Survival.  Upon termination, all rights and duties of the parties toward each other cease except that Sections 3, 4, 5, 6, 7, and 9 will survive termination or expiration of this Agreement.

 

Material Breech. DLA’s specific purpose of this corporation is to promote and advocate for the recognition, constitutional adoption, protection and enforcement of individual human rights. DLA through direct action and other forms of advocacy and education works to ensure human rights based principles and values form the basis of our social, economic and political institutions. A material breech is defined as an act against DLA’s purpose.

 

11.Miscellaneous Provisions.
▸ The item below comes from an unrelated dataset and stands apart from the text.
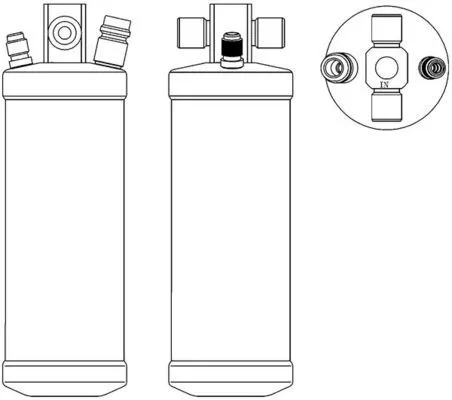 Droger, airconditioning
This Agreement is not assignable or transferable without the other party’s prior written consent; it is the complete and exclusive statement of the mutual understandings of the parties and supersedes and cancels all previous written and oral understandings to which this Agreement relates; it shall be governed by and construed according to the laws of the State of Florida, and shall not be construed against the drafter; it creates no agency or partnership between the parties; and it may be modified or amended as necessary but only through a written instrument signed by both parties. Notices may be given to the addresses listed on the executed Work Order. The parties agree that any suit or action relating to this Agreement shall be instituted and commenced exclusively in the federal or state courts in Clearwater, Florida, and the parties hereby waive the right to change such venue and hereby consent to the jurisdiction of such courts. If a party must bring suit or other action related to this Agreement, the prevailing party shall be entitled to an award of costs, reasonable attorney’s fees and interest at the maximum rate permitted by law in addition to any other relief awarded.

 

By proceeding with an application to the Ally Organization Program, I, as designated representative of this organization, indicate that I understand, agree to and accept the terms and conditions as contained herein.